The counties.uses_state_protocols field is universally false/null (0 out of 3,090 counties). This field was designed to flag counties that defer to state-level protocols instead of having LEMSA-specific ones, but it was never populated.

Architecture Notes

  1. manus_agencies — NASEMSO-seeded national directory (22,839 entries). Most are placeholders.
  2. manus_protocol_chunks — Actual protocol text chunks with embeddings. Only populated for actively ingested agencies.
  3. agencies — Drizzle-managed table for the subscription/admin system. Separate from protocol data.
  4. county_agency_mapping — Maps counties to their LEMSA for jurisdiction-scoped search.
  5. Ingestion scripts: ingest-state.ts (multi-state CLI), ingest-ca-protocols.ts (CA-specific), ingest-local-pdfs.ts (manual PDF upload)

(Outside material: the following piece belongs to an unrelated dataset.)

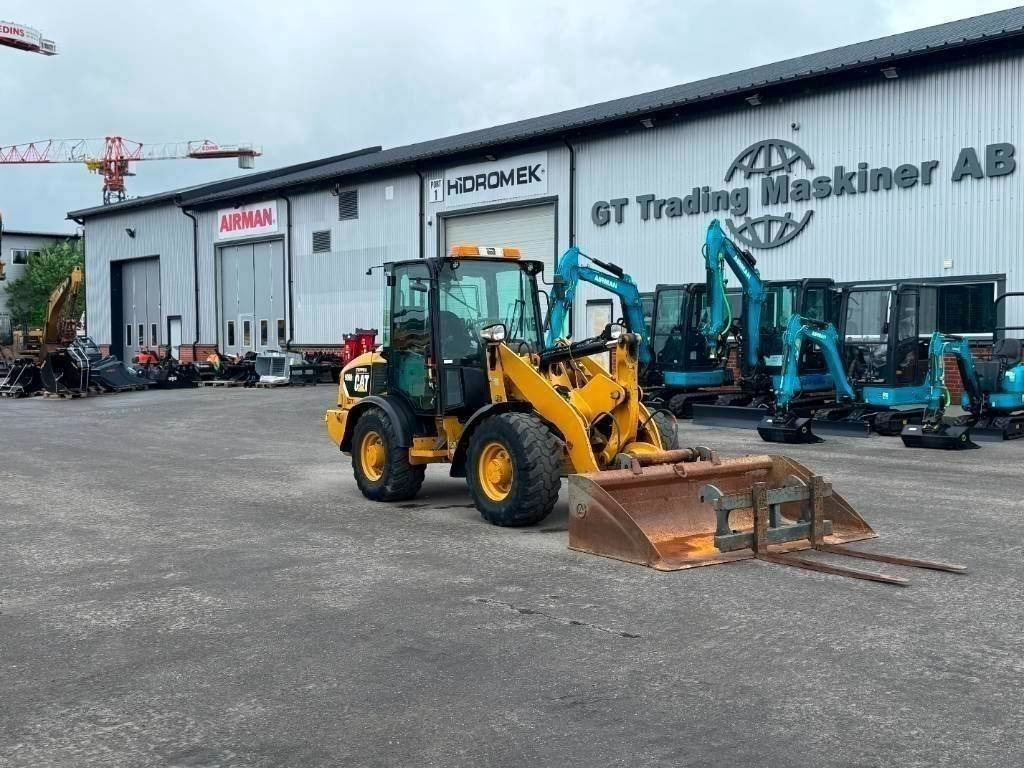 Ładowarka kołowa CAT 906 H 2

Categorization of 20,802 Uncovered Agencies

Category Est. Count Description
NASEMSO placeholder entries ~19,800 Seeded from national directory. No protocol source identified.
State-protocol agencies ~500-800 Follow state-level protocols (no unique LEMSA protocols). Should use uses_state_protocols flag.
Genuinely missing (protocols exist online) ~200-400 Have published protocols but haven't been ingested yet.
Lake County EMS (CA) 1 Has protocol_count=10 but zero chunks — ingestion incomplete.

Actionable Next Steps

Immediate (This Week)

  1. Fix Lake County EMS — Only agency with protocol_count>0 but no chunks. Run: npx tsx scripts/ingest-ca-protocols.ts --lemsa "Lake County"
  2. Populate uses_state_protocols — Audit which counties/agencies defer to state protocols. Start with CA (well-documented LEMSA structure).

Short-Term (This Month)

  1. Prioritize TX, PA, OH — Largest states with <1% coverage. Research state EMS protocol structures.
  2. Audit NASEMSO seed data — Determine which of the 22K agencies are actual protocol-publishing LEMSAs vs. individual fire departments/ambulance services that follow a parent LEMSA.
  3. Add is_lemsa flag to manus_agencies — Distinguish protocol-publishing authorities from individual agencies. Most of the 22K are individual services that follow a LEMSA's protocols.

Medium-Term (This Quarter)

  1. State-level protocol ingestion — For states with centralized protocols (e.g., state EMS offices), ingest once and map all agencies in that state.
  2. Coverage dashboard — Add a /admin/coverage page showing ingestion status by state/county.
  3. Automated gap detection — Cron job to identify new agencies added without chunks.

Key Insight

The 20,802 "missing" agencies are mostly not a data gap — they're individual fire departments and ambulance services that follow their regional LEMSA's protocols. The real metric is LEMSA coverage, not individual agency coverage. There are roughly 200-300 LEMSAs nationally; Protocol Guide covers ~50 of them well (primarily through CA's 33 LEMSAs and scattered coverage in other states).

True coverage: ~50/250 LEMSAs nationally (20%). Expanding to the remaining ~200 LEMSAs would effectively cover all 22,839 agencies.